‘Women want to expand, to expand the love of others and to love their children” said Barbara DeAngelis.
However, many feel forced to to contract by the realities of life. The single minded, contracted, focus of masculine society.
Each dimension of the human experience is very important.
“Women are always navigating the inner world” she said. However, some have lost touch with it
Iranian born, Ellie Drake, founder of BraveHeartWomen, is one woman who felt disempowered by the hard driving masculine focus of the outer world
A doctor, she found that women could find greater drive and power by accessing their feminine nature.
Why? The answer, according to Ellie, who is a qualified doctor, is oxytocin.
While sex differences could emerge in real-world situations, says Jennifer Bartz, a psychologist at Mount Sinai Medical School in New York, more research is needed she said.
However, there are some intriguing hints.
A new study shows that men and women who inhale a whiff of the hormone oxytocin rate strangers as more attractive.
A chemical best known for cementing the bond between a mother and her newborn child could also play a part in picking mister (or miss) right reports New Scientist.
When oxytocin courses through our blood, “we are more likely to see people we don’t know in a more positive light,” says psychologist Angeliki Theodoridou, of the University of Bristol, UK.
This effect adds to the hormone’s known role in human relationships.

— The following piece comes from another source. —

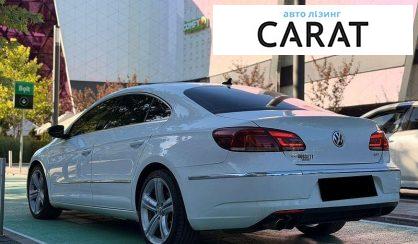 Volkswagen Passat CC 2012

One previous study found that oxytocin levels spike after new mothers look at or touch their newborns and may help bonding.
The study was published in Hormones and Behavior.
New Scientist reports that adults administered with the hormone make overly generous offers in an economic game that measures trust, while men who got a dose of oxytocin proved better at remembering the faces of strangers a day later, compared to a placebo.
Theodoridou’s study gave 96 men and women either a spritz of oxytocin or a placebo in a double-blind trial.
The participants then rated pictures of 48 men and women for attractiveness and 30 for trustworthiness. They also tested for mood.
No matter the sex or mood of the volunteers, those who received oxytocin rated sboth male and female strangers as more attractive and more trusting.
The study did not test how oxytocin affected peoples social judgements. However, she speculates oytocin dampens brain activity in the amygdale, responsible for processing fearful emotions,
“A previous study found that oxytocin tempered amygdala activation in volunteers who saw a face that had previously been paired with a slight shock” wrote New Scientist.
Although there are marketed sprays claiming to attract the love of your life, their only proof comes from testimonials and they could simply be the placebo effect.